INPUT MATERIAL:
::::::

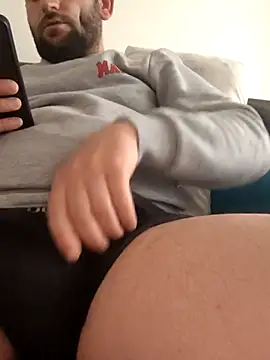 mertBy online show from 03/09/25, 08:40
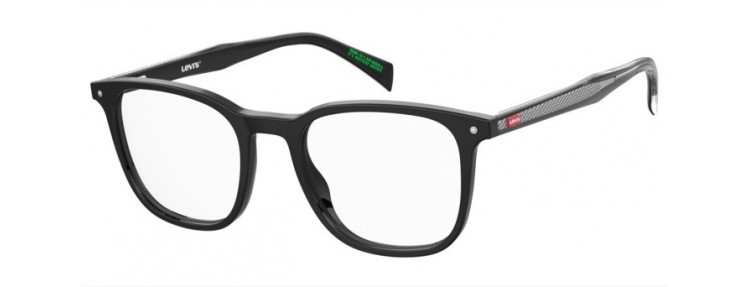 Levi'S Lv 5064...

::::::

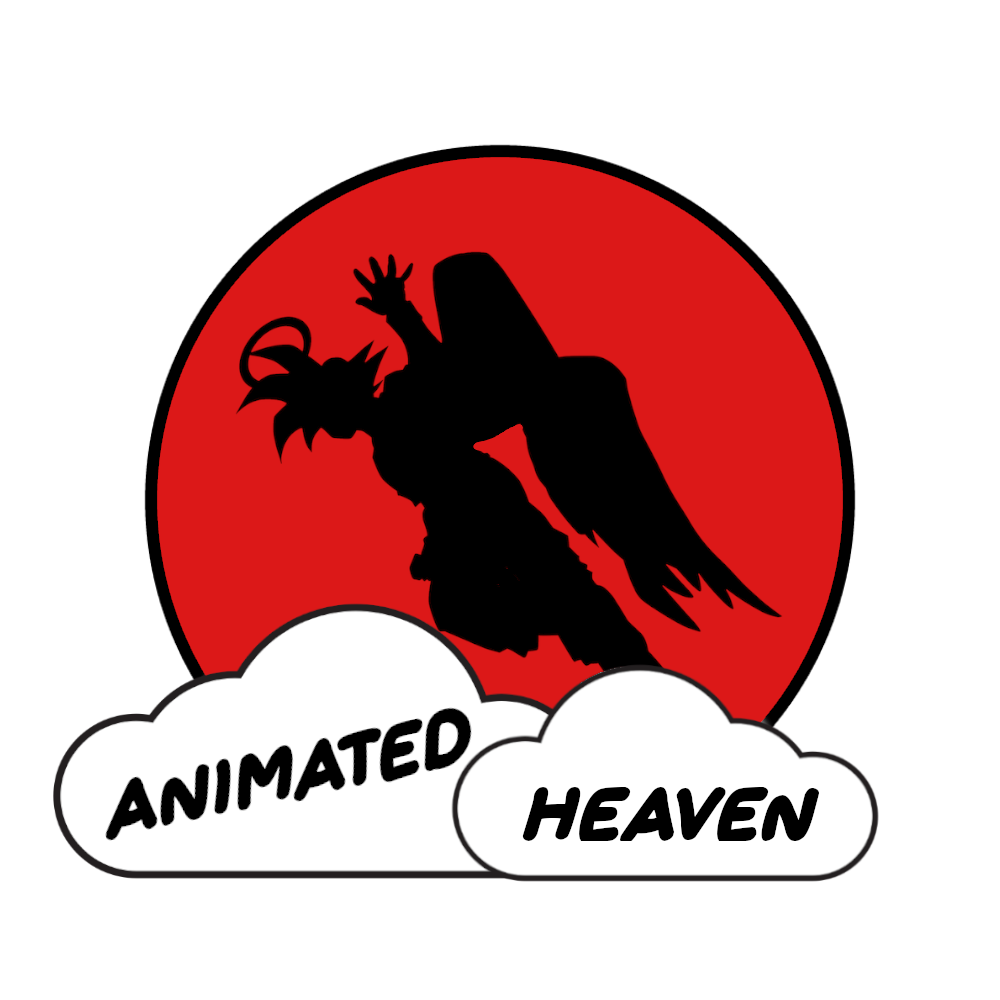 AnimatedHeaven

::::::

WHAT IS BEING ASKED: Write out, word for word, the stretch of entries that begins at the line with "mertBy online show from 03/09/25, 08:40" and ends at the line with "Levi'S Lv 5064...". Pictures do not belong in it.

COMPLETED EXERCISE:
 mertBy online show from 03/09/25, 08:40
 Levi'S Lv 5064...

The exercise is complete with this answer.